[About this task] Type the listing below out again exactly. No images.

[Data segment]
=-=-=

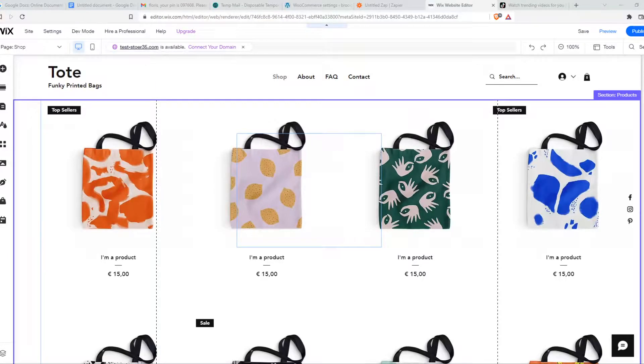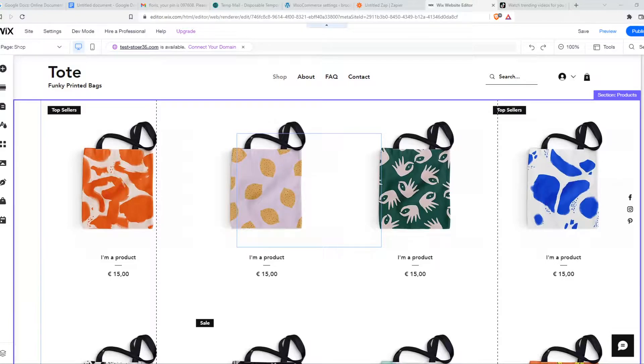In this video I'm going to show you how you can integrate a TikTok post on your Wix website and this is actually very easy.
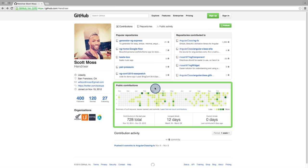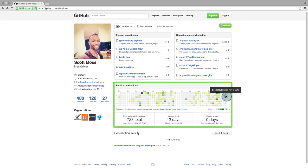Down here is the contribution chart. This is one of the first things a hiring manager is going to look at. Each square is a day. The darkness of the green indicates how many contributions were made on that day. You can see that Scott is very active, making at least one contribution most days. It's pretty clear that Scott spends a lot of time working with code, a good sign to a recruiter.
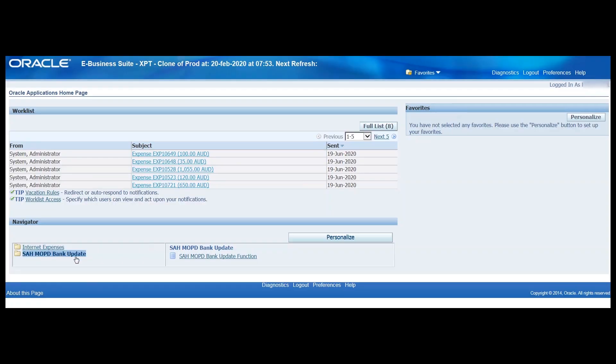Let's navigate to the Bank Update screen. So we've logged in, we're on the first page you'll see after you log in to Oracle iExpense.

=-=-=

[Result of this task]
In this video I'm going to show you how you can integrate a TikTok post on your Wix website and this is actually very easy.
Down here is the contribution chart. This is one of the first things a hiring manager is going to look at. Each square is a day. The darkness of the green indicates how many contributions were made on that day. You can see that Scott is very active, making at least one contribution most days. It's pretty clear that Scott spends a lot of time working with code, a good sign to a recruiter.
Let's navigate to the Bank Update screen. So we've logged in, we're on the first page you'll see after you log in to Oracle iExpense.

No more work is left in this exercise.